Chief Whip of the Opposition
- In office June 1999 – May 2007
- Deputy: Mike Ellis
- Leader: Tony Leon
- Preceded by: Gert Oosthuizen
- Succeeded by: Ian Davidson

Chairperson of the Democratic Party Federal Council
- In office 1997–2000
- Preceded by: Dave Gant
- Succeeded by: James Selfe

Member of the National Assembly of South Africa
- In office 1994 – 15 January 2008

Member of Parliament for Yeoville
- In office 1991–1994
- Preceded by: Harry Schwarz
- Succeeded by: constituency abolished

Personal details
- Born: Douglas Harvey Monro Gibson 8 August 1942 Union of South Africa
- Died: 9 May 2025 (aged 82) South Africa
- Party: Democratic Alliance (2000–2025)
- Other political affiliations: Several, including Democratic Party (1989–2002)
- Spouse: Pamela Gibson

= Douglas Gibson (politician) =

South African attorney, politician and diplomat (1942–2025)

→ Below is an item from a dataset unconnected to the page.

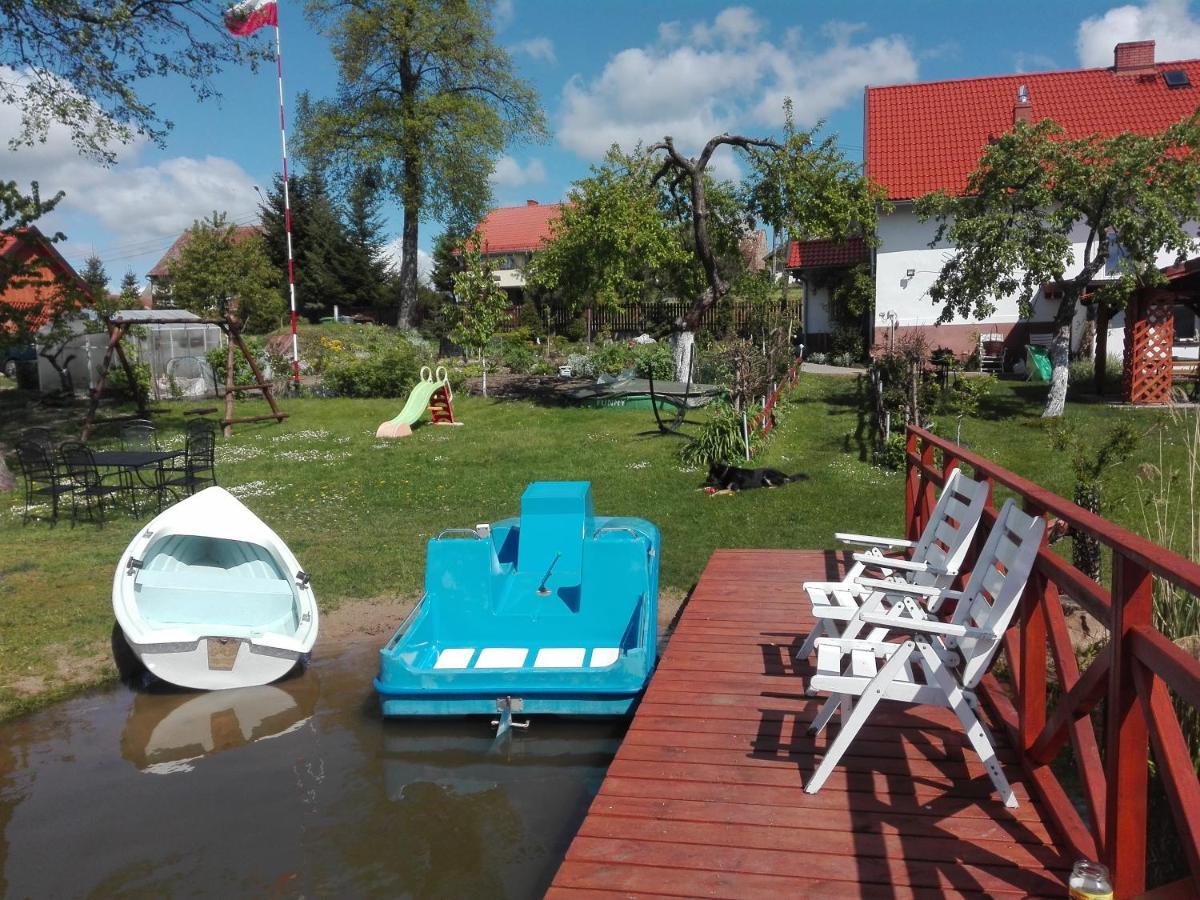 Agro-Tur Domki W Szuwarach Kuty Dış mekan fotoğraf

Douglas Harvey Monro Gibson (8 August 1942 – 9 May 2025) was a South African lawyer, politician and diplomat who served as South Africa's ambassador to Thailand between 2008 and 2012. Previously, he had served as chief whip of the opposition from 1999 to 2007, as chairperson of the federal council of the Democratic Party between 1997 and 2000, and as a Member of the National Assembly of South Africa between 1994 and 2008.

==Career==
Gibson was born on 8 August 1942. He qualified as a lawyer by profession. In 1970 Gibson was elected to the Transvaal Provincial Council for the Benoni Constituency as a member of the United Party. He went on to serve in the provincial council for sixteen years. He was also a town councillor in Benoni between 1972 and 1977.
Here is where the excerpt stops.